I personally always enjoy reading this particular novel, although I would never get on a boat if the name Robinson Crusoe was to appear on the passenger or crew lists. If you wonder why because you have not read this before, then I think in the first few chapters you will get some idea, because although the most famous part of the story is his adventures as a castaway, he also before then gets taken as a slave and has ships that he sails on floundering into trouble.

On first publication this was certainly well received, and it is quite realistic. Written in the first person we read of how Crusoe grew up and wanted a bit of adventure, and even later in the story when we can see that he can clearly settle and take up life running his plantation he does not do so, still craving other experiences.
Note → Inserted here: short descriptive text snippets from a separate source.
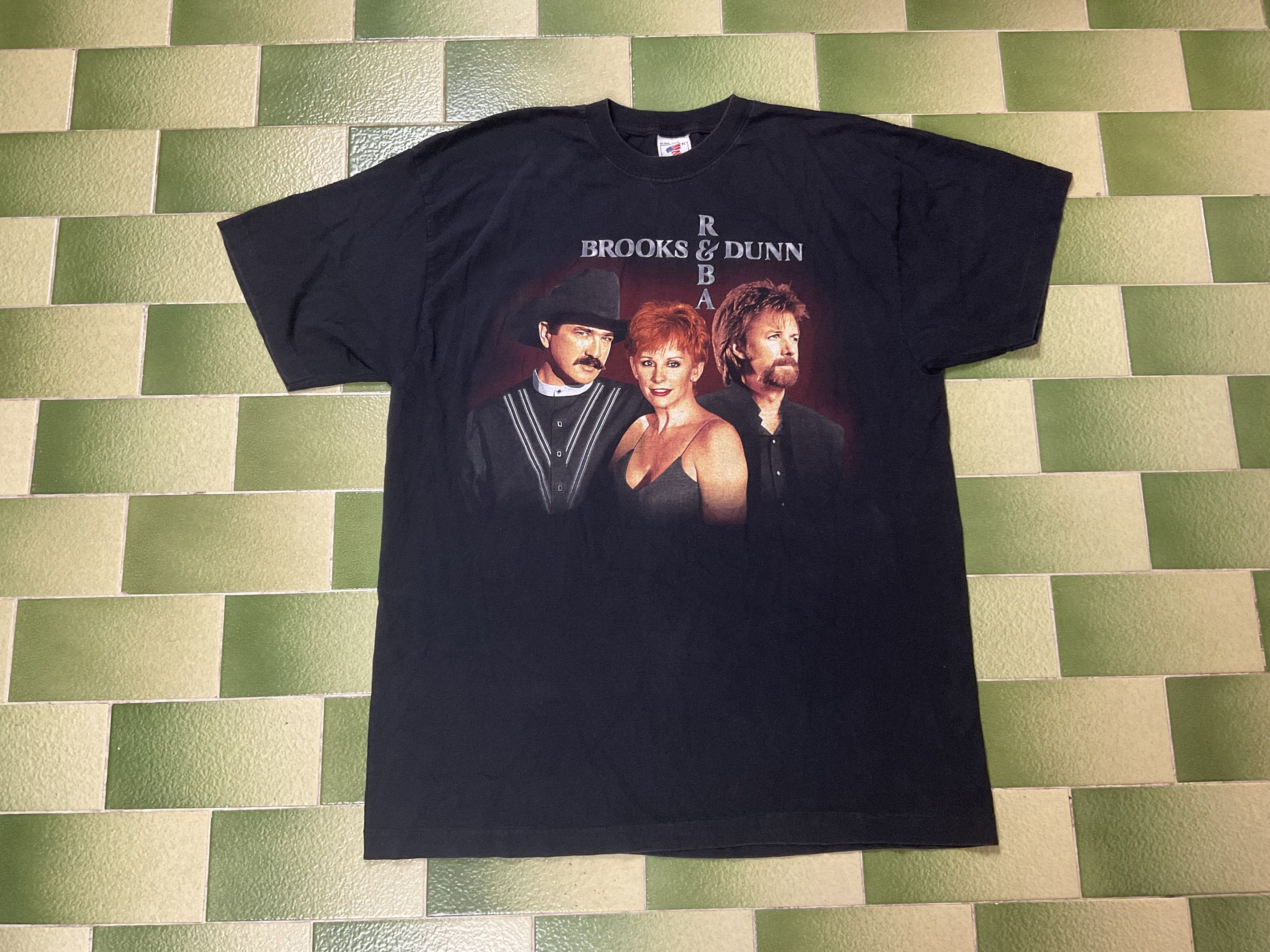 Vintage 90s Brooks and Dunn Reba Tour 98 T-Shirt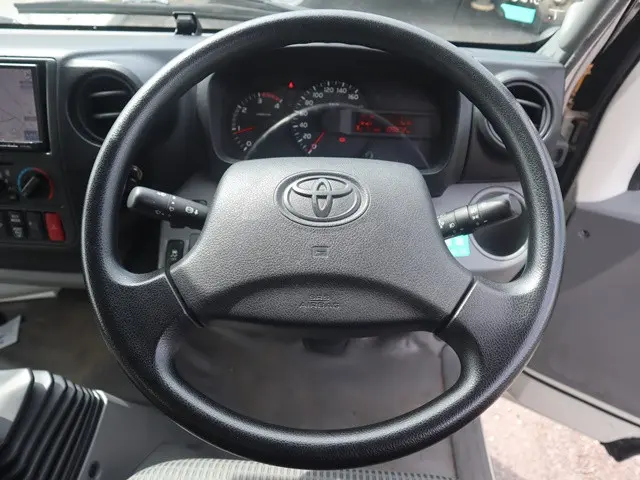 トヨタ ダイナ TKG-XZU710(2WD)の写真4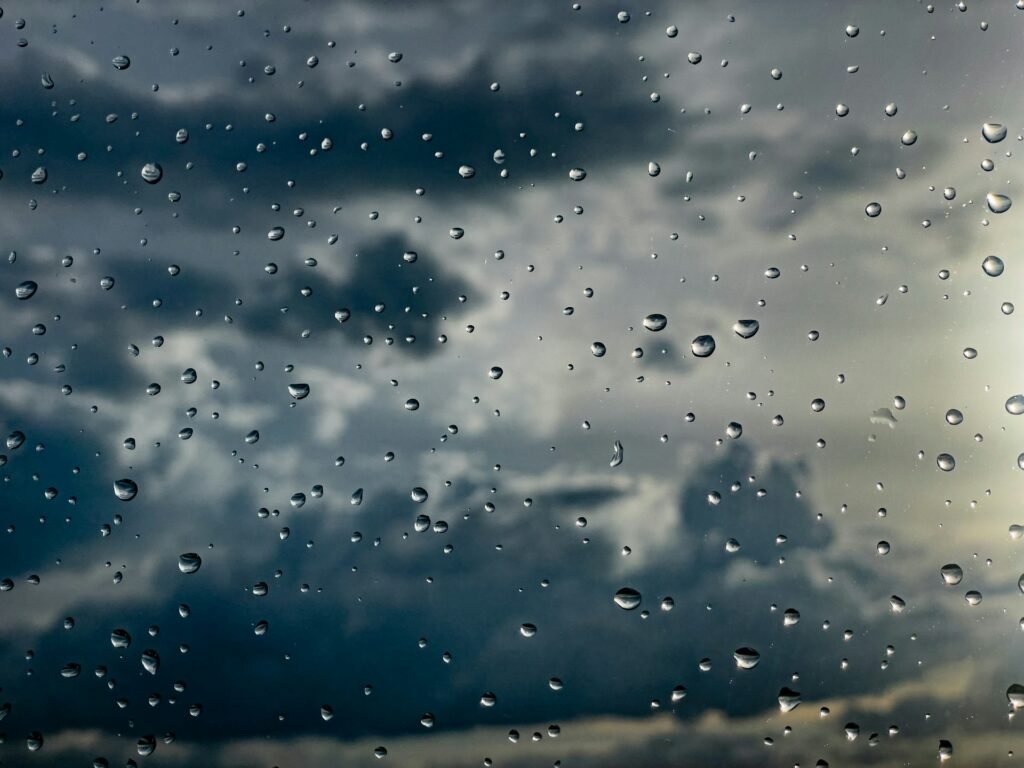 Is It Illegal to Collect Rainwater in Oregon: Understanding State Regulations 3 Is it Illegal to Collect Rainwater in Oregon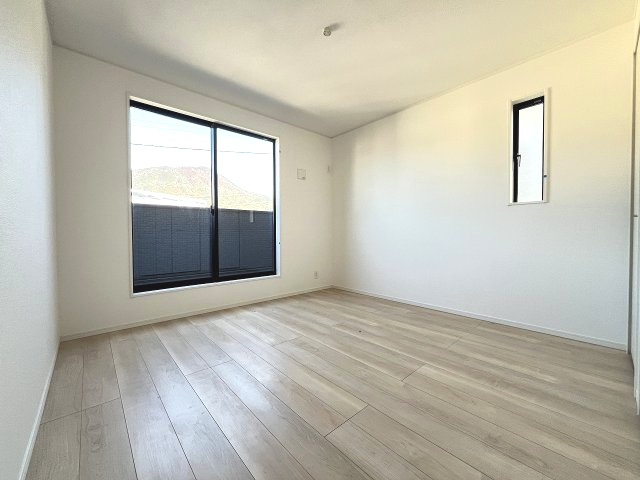 【寝室】 | 糟屋郡須恵町上須恵第4　2号棟（全2棟）【仲介手数料無料・0円】 | 現地写真。2階主寝室です。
Although nowadays most people think there is only one influence on this book being written, that of the tale of Alexander Selkirk, if you actually look at the period you will find that there were many tales of very real castaways, along with other sources that were just as likely to be major influences on this tale. Although we read of the trials and tribulations of living what is at the start a very isolated existence there is also a strong undercurrent that runs through this that takes in both religious and philosophical elements. After all as Crusoe points out himself, he has money with him on the island, but of what use is it, as there is no one to buy things from? Such things are raised, which gives this a much greater depth than probably most people realise.
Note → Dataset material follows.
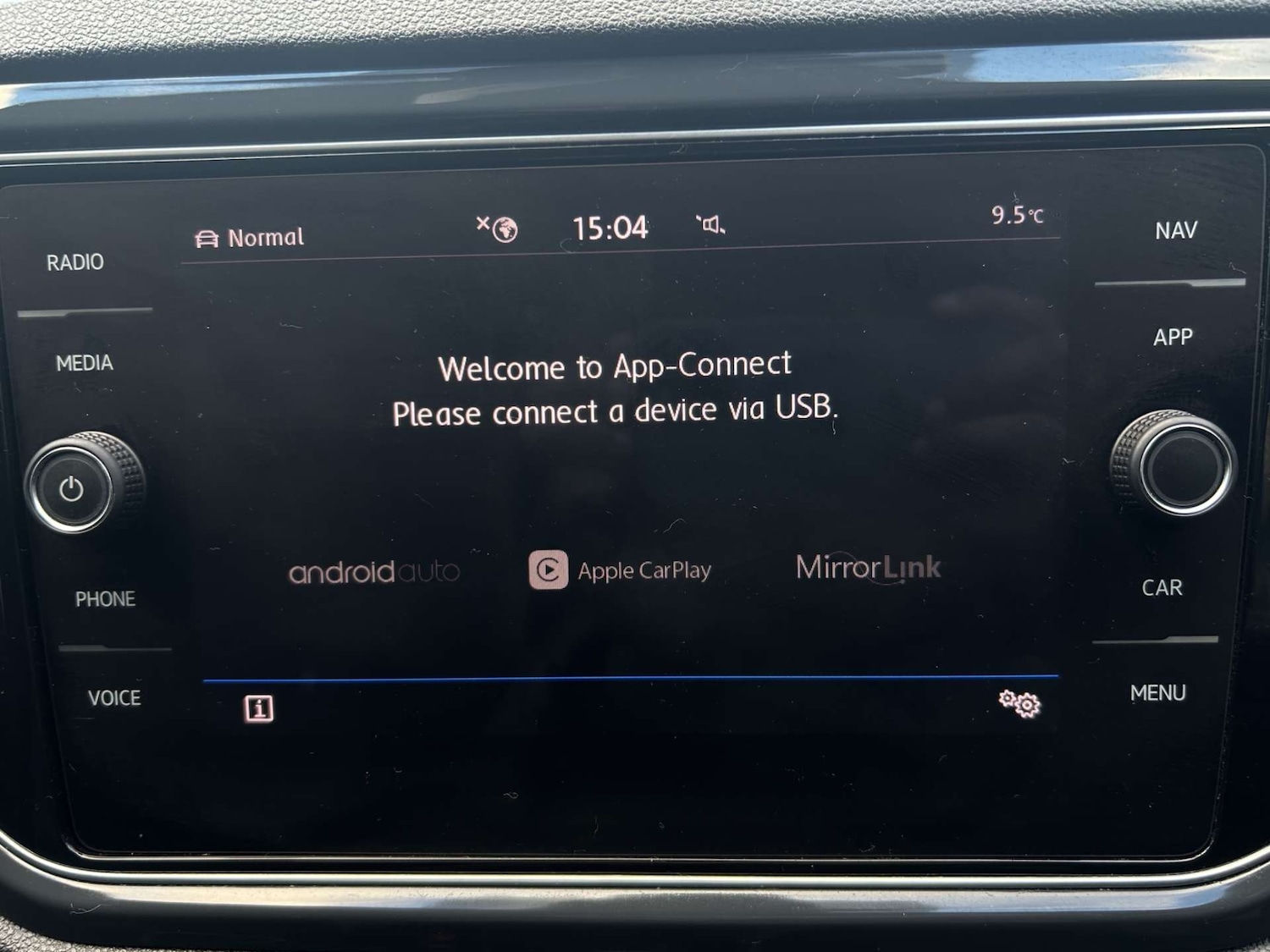 Used Volkswagen T-Roc 2018 for sale - 77262786: Photo 33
Some have seen in this story the attitude of the Colonists that left these shores to live in for instance America, but on a larger scale than that you can also see how us living in the Western World changed from hunting, to add agriculture and then settling and having to organise more complex matters, after all Crusoe has to divide his time in the right way, with the correct amount of time exerted on different issues, such as growing food as well as hunting for it, and building and maintaining shelter and other such items.

In all this is a well written book that has definitely stood the test of time, and at the basic level we have not altered from when this was first written, thus this still calls to us all, giving us a powerful and thoughtful read.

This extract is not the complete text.